Here's a list of jobs I had before before becoming a lawyer:
Bakery cashier
Waitress (three different places: a fancy overpriced $500 tab for 2-top place, a cocktail bar, and a strip club)
Maid at Super 8 Motel
Research assistant
Babysitter
Several different call center jobs
Low rent model
Trust and safety at a tech company (taking down illegal or banned pages and reviewing the worst humanity has to offer every day for two years)
Modeling agency (I don't even know what my job technically was there - basically to rip off people who would never be models by selling them expensive portfolio packages).
B2B sales
The worst jobs by far were the call center jobs, being a motel maid (disgusting and exhausting), and waitressing in a strip club (owners would purposely overstaff and not give you enough tables to make sufficient $$, so they could pressure and try to convince you to go on stage for more $$). The most enjoyable job by far was waitressing in a bar (drunk customers are usually at least nice and in a good mood). Best job was lawyer, but only once I became a partner, being an associate was awful.
But the only reason being a lawyer is good is because of the money and status (well, that's at least 85% of why it's good). It's truly disturbing how much more respect people will give you if you have what society deems a fancy job. Even for something like being a lawyer, which everyone actually hates and resents…and yet STILL they treat you better even if they hate you. And boy do parents ever love bragging about their kids being doctors or lawyers. :/
When I had those other jobs, people regularly treated me like I was a moron and with total condescension. Now that never happens (at least in real life, it still happens on Substack 😘). But I was just as intelligent, well-read, and knowledgeable when I was waitress or maid. In fact if anything I was moreso, because I used to have more time to read and think about things besides protecting rich people’s economic interests. I never understood people who said law school “taught them how to think”…it did no such thing in my case, I was thinking plenty before I went.
The other twisted thing is the status ranking within the lawyer class…personal injury at the bottom (well okay, that's deserved) and lawyers charging $1k an hour to represent rich people at the top. It bears zero relation to capacity or skills, in my experience. Public defenders are some of the best lawyers out there, they're just juggling 300 cases at any given time. And I regularly work with AmLaw 50 overpriced attorneys as opposing counsel who are not at all impressive. The thing is, the richer your client is, the easier it is to win, because most litigation is just a matter of the more economically powerful party crushing the opposition by making it so expensive they eventually have no choice but to cave. I'm not a litigator, so that's not sour grapes on my part, it’s just my perception watching the litigators. In my specialty, I serve rich people and businesses, and society just automatically grants that more status for no discernible reason other than that people worship money.

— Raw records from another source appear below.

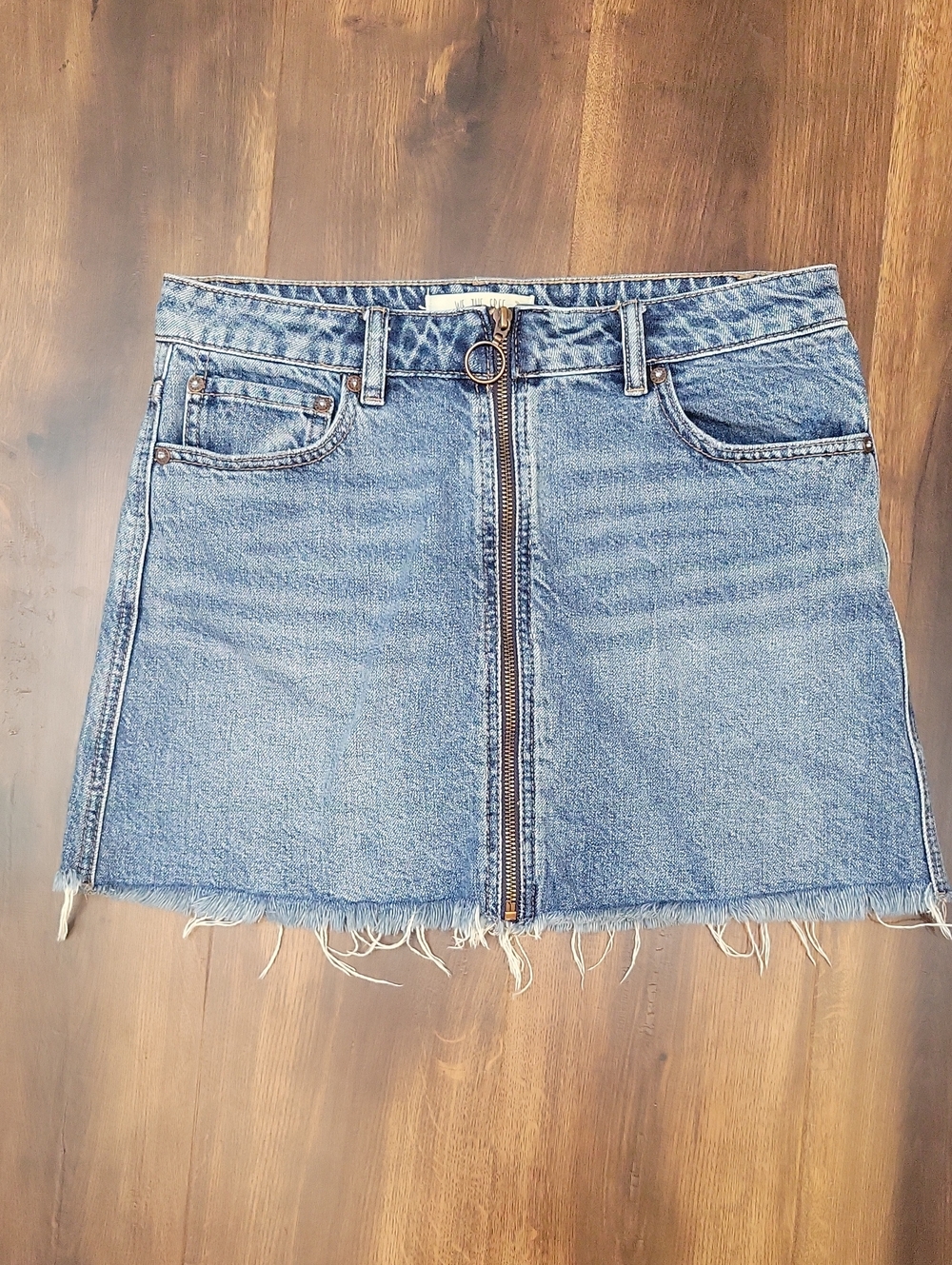 We The Free Light Blue Front-Zip Denim Mini Skirt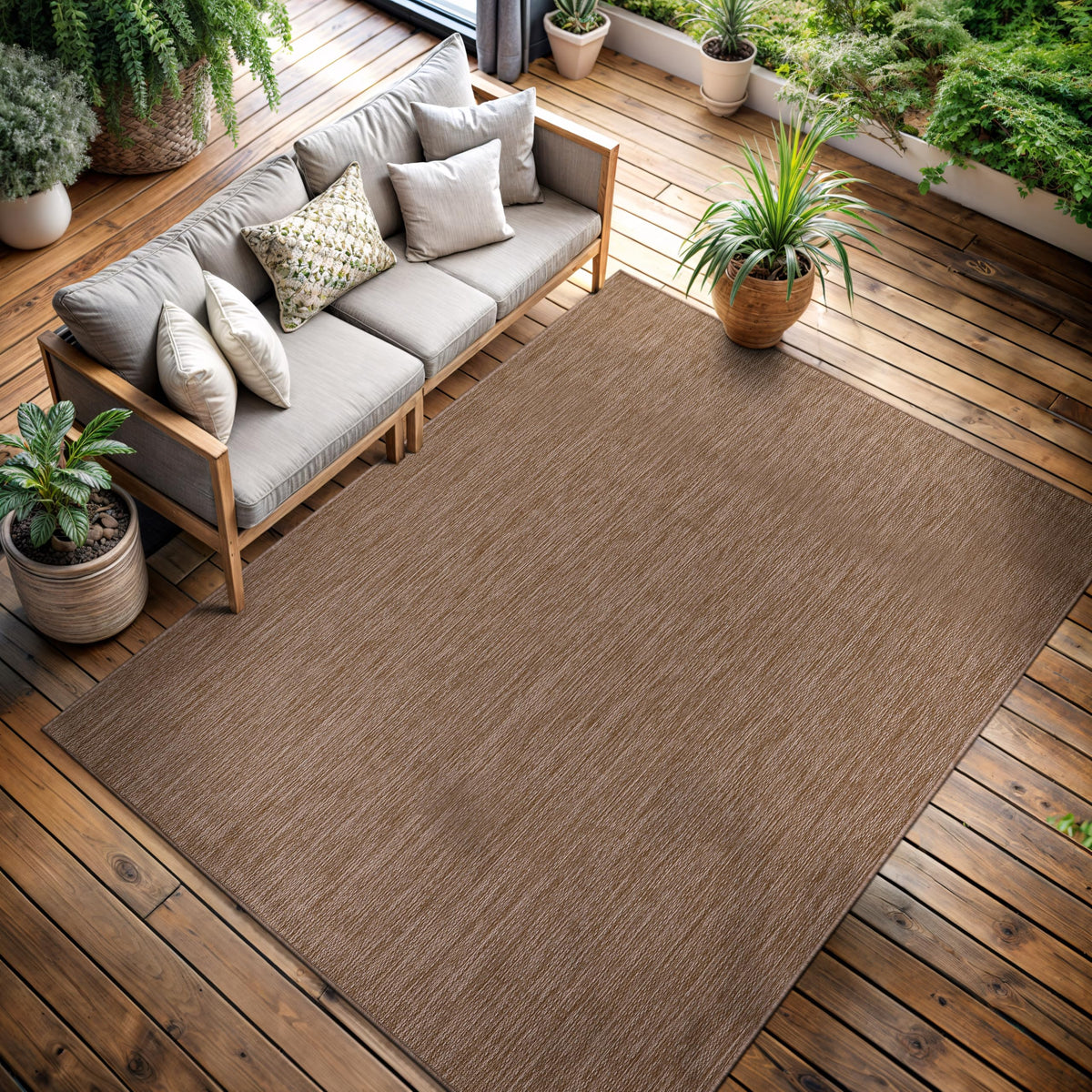CAMILSON outdoor rug 5x7 on patio setup offers durable indoor-outdoor appeal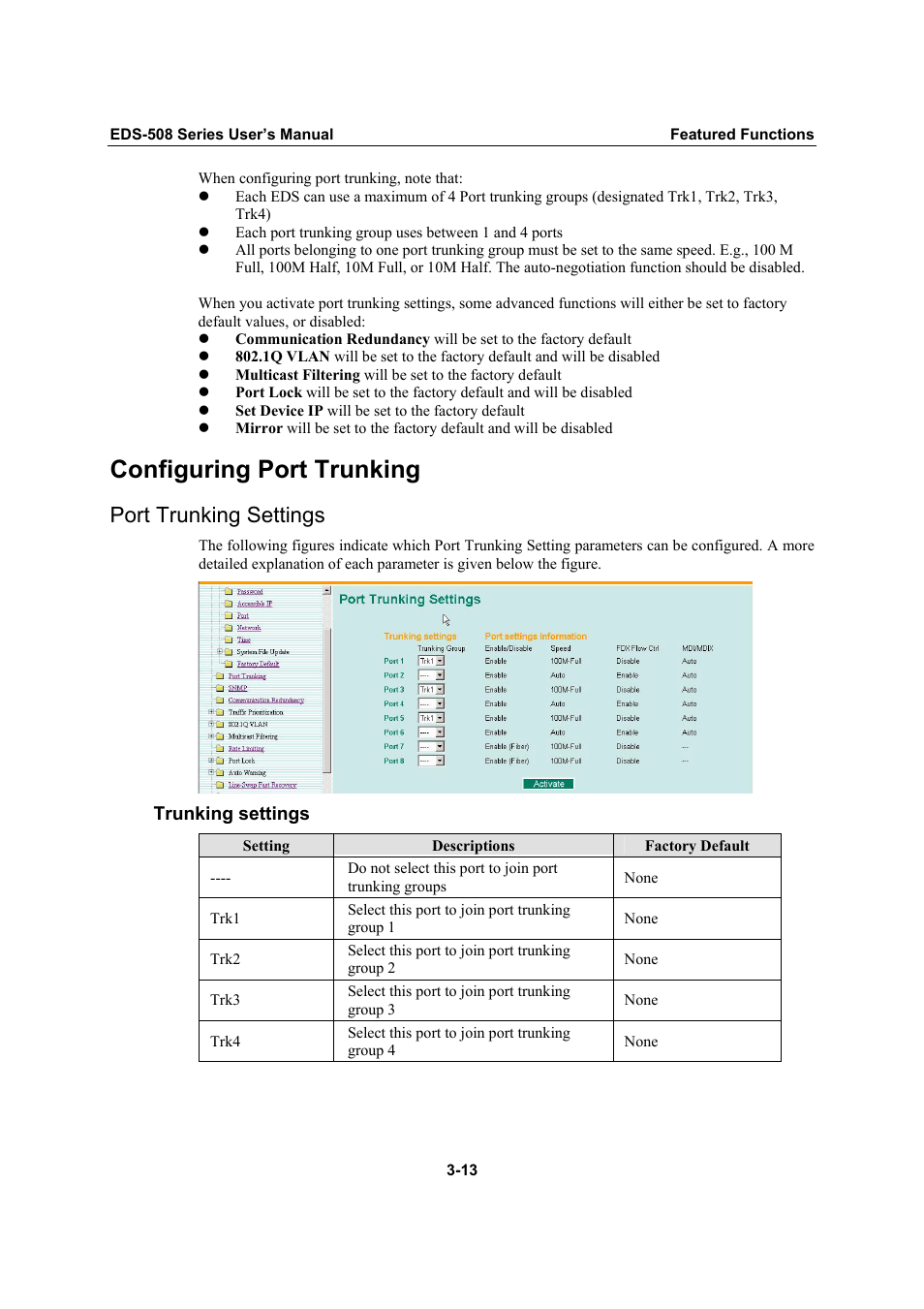 Configuring port trunking, Port trunking settings, Configuring port trunking -13 | Port trunking settings -13 | Moxa Technologies Moxa EtherDevice Switch EDS-508 User Manual | Page 29 / 92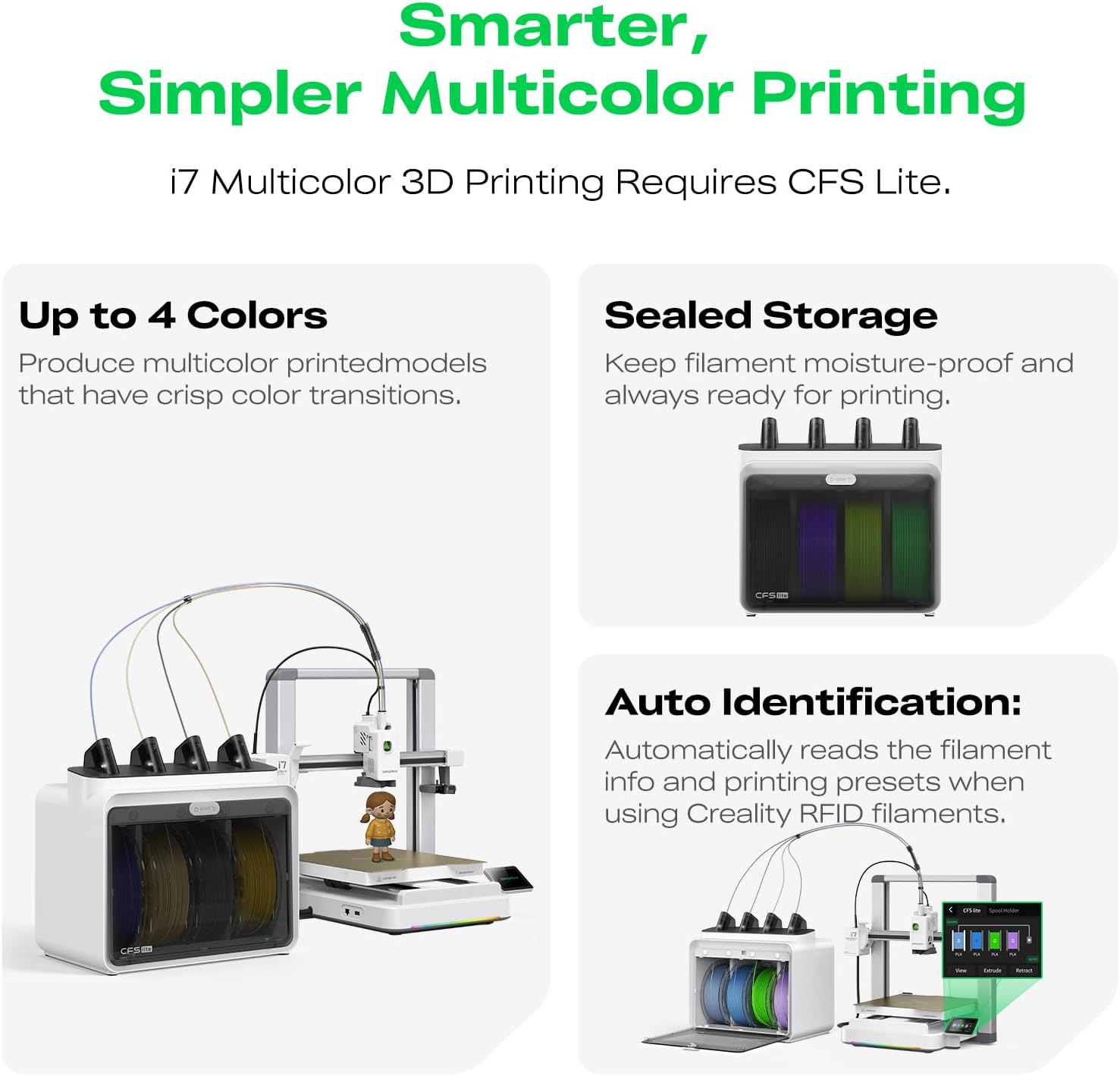 Creality SPARKX i7 Combo 3D Printer, Multi Color with CFS Lite High Speed AI Photo-to-3D Printing 95% Pre-Assemble Auto-Leveling Custom RGB Quick-Swap Essential Parts 10.24×10.24×10 inch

Anyway, this is a long way of saying that no one should be embarrassed of their job. Even if you're cleaning toilets, like I used to. Society confers status in a mostly bullshit manner. Even most doctors seem to realize that nowadays. And they've got the highest ratio of self-important psychopaths masquerading as do-gooders out there. 😉 So when even doctors start realizing status games are just that, no one else should have any shame.